Have you thought about illuminating the initial film exposure as well as the substrate exposure (on the slide glass) using monochromatic light sources like a mercury UV lamp?
Instead of a vacuum pump to flatten the film during exposure, how about electrostatic charges?
Thanks! I'm very far from making a CPU. Check out Sam Zeloof's work to see some of the other parts of home IC fabrication. Creating the mask is just one part of the process, and dialing in diffusion, oxide growth, metal deposition would take a lot of additional effort.
Yes. My original attempt (years ago) was to use a standard photographic enlarger: replace the lens with quartz, place the paper or plastic master design on a UV light source on the table, then place the microscope slide with photoresist in the enlarger where the film would normally go. One problem is the lens is not setup to cover a whole microscope slide. Another problem is not enough UV light getting through the whole optical system -- exposure would have been hours if it worked at all.
Haven't tried electrostatic. Considered low-tack adhesive (3M post-it).
I looked up the 4004 earlier today, thinking about DIY microprocessors. It was 10 micron process. 20 micron is more like 1960-level technology, unfortunately.
As a member of Foulab, home of Thought Emporium, and as an avid watcher of many channels (yours, Thought Emporium, RedNile, BlueNile, etc) which you contributed ideas, knowledge or/and hardware over the years: thank you for spreading such tech around the hackspaces, youtube and homelab community! The content you inspired, made or indirectly contributed to is what makes YouTube the such an amazing platform.
I love your passion and drive towards making things work. Often without a blueprint to follow. Thanks for shining light (sometimes literally) on so many obscure topics.
If you ever find yourself bored, we could really use a reliable method of removing a camera senor bayer matrix. Bonus points if you can figure out how to deposit microlenses back onto the photosites after removal.

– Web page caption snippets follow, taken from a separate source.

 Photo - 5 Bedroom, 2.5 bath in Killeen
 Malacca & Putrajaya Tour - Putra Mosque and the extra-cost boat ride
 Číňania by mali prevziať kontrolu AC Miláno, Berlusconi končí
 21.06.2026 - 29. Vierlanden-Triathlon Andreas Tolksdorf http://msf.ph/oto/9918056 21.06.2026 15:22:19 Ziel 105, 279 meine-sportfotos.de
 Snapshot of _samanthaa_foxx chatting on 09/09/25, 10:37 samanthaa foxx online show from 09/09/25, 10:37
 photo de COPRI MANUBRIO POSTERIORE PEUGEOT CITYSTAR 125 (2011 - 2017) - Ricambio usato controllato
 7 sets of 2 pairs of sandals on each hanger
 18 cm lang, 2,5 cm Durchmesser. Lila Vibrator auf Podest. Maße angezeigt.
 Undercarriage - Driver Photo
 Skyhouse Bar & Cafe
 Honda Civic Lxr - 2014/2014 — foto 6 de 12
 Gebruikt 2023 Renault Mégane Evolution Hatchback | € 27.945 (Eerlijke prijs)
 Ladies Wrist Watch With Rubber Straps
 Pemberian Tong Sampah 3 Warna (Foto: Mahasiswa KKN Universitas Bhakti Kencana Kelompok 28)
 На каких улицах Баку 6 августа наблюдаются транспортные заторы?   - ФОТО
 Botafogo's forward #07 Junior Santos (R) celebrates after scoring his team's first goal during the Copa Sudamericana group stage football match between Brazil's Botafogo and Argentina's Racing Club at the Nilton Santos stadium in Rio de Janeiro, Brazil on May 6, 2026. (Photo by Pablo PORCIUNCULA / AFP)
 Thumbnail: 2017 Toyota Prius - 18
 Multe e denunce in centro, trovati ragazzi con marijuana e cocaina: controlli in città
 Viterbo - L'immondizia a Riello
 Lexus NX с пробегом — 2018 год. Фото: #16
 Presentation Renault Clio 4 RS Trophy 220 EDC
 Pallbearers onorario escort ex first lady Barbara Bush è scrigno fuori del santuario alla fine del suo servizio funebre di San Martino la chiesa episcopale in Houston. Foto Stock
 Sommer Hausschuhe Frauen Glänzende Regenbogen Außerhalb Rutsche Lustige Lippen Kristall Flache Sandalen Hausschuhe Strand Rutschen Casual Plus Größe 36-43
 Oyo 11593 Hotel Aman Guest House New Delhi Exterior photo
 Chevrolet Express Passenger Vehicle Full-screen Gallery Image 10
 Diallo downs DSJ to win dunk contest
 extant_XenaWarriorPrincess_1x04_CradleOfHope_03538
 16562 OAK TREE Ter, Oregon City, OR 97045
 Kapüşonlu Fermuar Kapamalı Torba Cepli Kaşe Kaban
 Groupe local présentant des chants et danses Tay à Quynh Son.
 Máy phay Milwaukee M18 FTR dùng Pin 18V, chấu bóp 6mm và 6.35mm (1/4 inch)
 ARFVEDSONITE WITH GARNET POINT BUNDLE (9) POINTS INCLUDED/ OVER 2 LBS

Did you ever get the low temp vantablack working as expected? I’m guessing oxygen is passivating the aluminum surface somewhere in the process, and the paper doesn’t document how careful they were. I’d personally want to do this under a nitrogen atmosphere, but I’ve never sonicated under a controlled atmosphere.
I’d bet the reason you can sort of get aluminum to blacken over the heated beaker has something to do either with the fact that the beaker is effectively positive pressure and pushing out everything but water vapor, or that the condensed watervapor on the surface of the aluminum is consistently oxygen free.
I find the former somewhat less believable than the latter, but it’s been a while since I’ve worked on things like this.
If you used your microscope slide as a mask to do photolithography on silicon, you'd use an optical reducer, right? So the feature size on the silicon could be ~5x smaller?
I believe current tech uses 4x reduction from masks down to actual chips. This works well with sizes needed for quartz lens systems, etc. Older processes used 1x reduction (either direct contact, or very tiny offset). This is cheaper and easier because you don't need any quartz lenses, which are needed instead of standard glass for their UV transmission ability.
Interesting. I've got a 180nm mask from a previous job. It's obviously a larger scale than the finished chip. Could be 4x. I think it is from TSCM, circa 2003, for mixed signal CMOS.